* [Entries provided]:
___

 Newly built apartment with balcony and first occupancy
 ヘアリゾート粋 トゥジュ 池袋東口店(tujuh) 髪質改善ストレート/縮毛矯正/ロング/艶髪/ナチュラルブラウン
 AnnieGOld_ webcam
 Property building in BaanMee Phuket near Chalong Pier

___

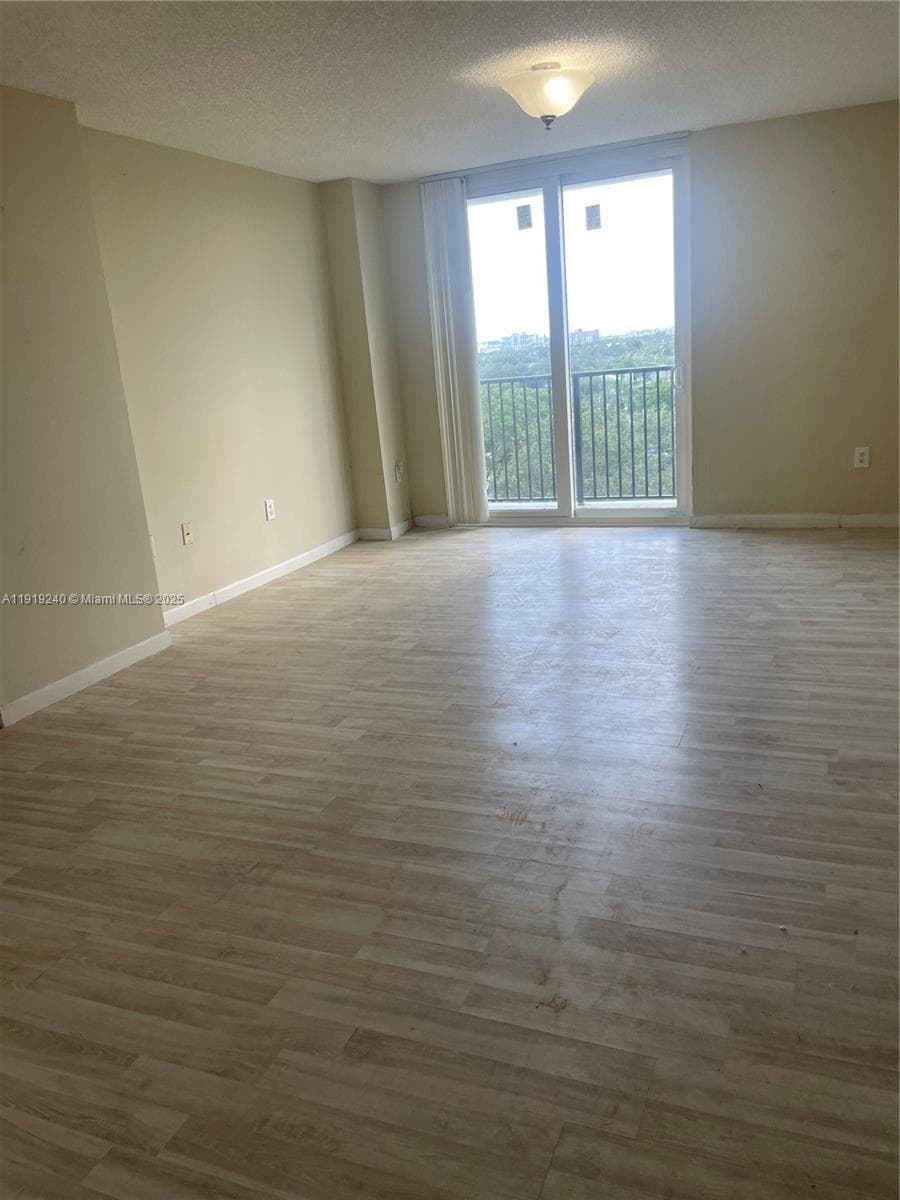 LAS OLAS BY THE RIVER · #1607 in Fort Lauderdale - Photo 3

___

* [Problem to solve]: Above are the records. Copy the lines beginning at the one that has "AnnieGOld_ webcam" and ending with the one that has "Property building in", unchanged.

* [Solved problem]:
 AnnieGOld_ webcam
 Property building in BaanMee Phuket near Chalong Pier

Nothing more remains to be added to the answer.